The Brazilian Football Championship is the main tournament of the most popular sport in Brazil. Most of the country is represented through one of the twenty teams (the Northern region was present in former editions). Brazil is a continent-sized country, so this tournament involves long trips, specially for teams in the Northeast region.

Starting with a set of conditions that will be discussed later, we will use Genetic Algorithms to propose a possible sequence of matches that minimize the impact of these long trips, although it is very clear there are teams who are geographically distant from the rest and there is no way to have every team with the same total distance. We try three different metrics for this optimization, all of them based on the distances traveled by each team.

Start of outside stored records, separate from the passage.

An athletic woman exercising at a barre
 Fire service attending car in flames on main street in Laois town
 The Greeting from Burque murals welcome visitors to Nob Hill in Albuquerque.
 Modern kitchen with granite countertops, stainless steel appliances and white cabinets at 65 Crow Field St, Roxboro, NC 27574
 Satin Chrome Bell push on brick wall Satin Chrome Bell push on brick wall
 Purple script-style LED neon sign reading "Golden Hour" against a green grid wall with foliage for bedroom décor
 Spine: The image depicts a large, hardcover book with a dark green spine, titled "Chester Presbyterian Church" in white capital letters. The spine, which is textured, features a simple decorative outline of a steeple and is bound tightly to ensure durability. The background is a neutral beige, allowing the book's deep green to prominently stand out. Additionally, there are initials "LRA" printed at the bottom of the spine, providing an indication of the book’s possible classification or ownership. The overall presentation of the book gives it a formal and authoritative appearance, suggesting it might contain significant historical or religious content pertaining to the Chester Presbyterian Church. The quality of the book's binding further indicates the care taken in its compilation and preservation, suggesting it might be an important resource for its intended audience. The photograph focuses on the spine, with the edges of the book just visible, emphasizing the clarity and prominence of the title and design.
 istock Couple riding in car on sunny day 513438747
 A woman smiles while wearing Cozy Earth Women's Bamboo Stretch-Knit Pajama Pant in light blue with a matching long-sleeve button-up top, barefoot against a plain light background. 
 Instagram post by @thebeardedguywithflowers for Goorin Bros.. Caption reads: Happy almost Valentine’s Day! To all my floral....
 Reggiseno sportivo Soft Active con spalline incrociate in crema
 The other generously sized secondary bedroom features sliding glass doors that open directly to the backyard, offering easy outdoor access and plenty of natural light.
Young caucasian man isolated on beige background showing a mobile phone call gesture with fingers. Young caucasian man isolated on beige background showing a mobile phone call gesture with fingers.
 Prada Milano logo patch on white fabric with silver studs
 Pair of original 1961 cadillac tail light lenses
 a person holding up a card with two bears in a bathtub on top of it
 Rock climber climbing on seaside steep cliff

This kind of problem is known as TTP, Traveling Tournament Problem. There is a huge number of possible combinations and it is really hard to get the optimum solution, even for a small number of teams.


The 2020 Championship

It is very hard to create from scratch a table with the matches for each round. For this project, we will use the table of matches from the 2020 Championship. We will try to improve on that with our algorithm.

We need the list of the twenty teams with their home city. As we are interested in the distance traveled by each team, we will get the coordinates (latitude and longitude) for the center of the city as an approximation.

Top of the list of participants in the 2020 Championship

We have the match sequence for each of the twenty teams for the 2020 Championship. There are two halves, where the second one repeats the order of the first, but flipping the home and away teams. Taking this into account, we only need to worry about the first half.

We represent the matches for the first half with two tables, one with the opponents in each round and another telling us if the team plays at their home stadium or away (h or a).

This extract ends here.